> _Extracted records_
+ + + +

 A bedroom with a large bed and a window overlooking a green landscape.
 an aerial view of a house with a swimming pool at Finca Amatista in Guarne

+ + + +

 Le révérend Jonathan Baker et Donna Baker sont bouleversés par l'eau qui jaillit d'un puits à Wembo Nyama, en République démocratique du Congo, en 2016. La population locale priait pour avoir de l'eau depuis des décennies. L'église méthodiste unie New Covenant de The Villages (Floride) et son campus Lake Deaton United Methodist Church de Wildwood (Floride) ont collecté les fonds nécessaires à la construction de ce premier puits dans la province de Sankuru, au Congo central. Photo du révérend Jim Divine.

+ + + +

> _Instructions to follow_
From the entries above, return exactly the line containing "A bedroom with", the line containing "an aerial view", and all lines between, and nothing else.

> _Answer box_
 A bedroom with a large bed and a window overlooking a green landscape.
 an aerial view of a house with a swimming pool at Finca Amatista in Guarne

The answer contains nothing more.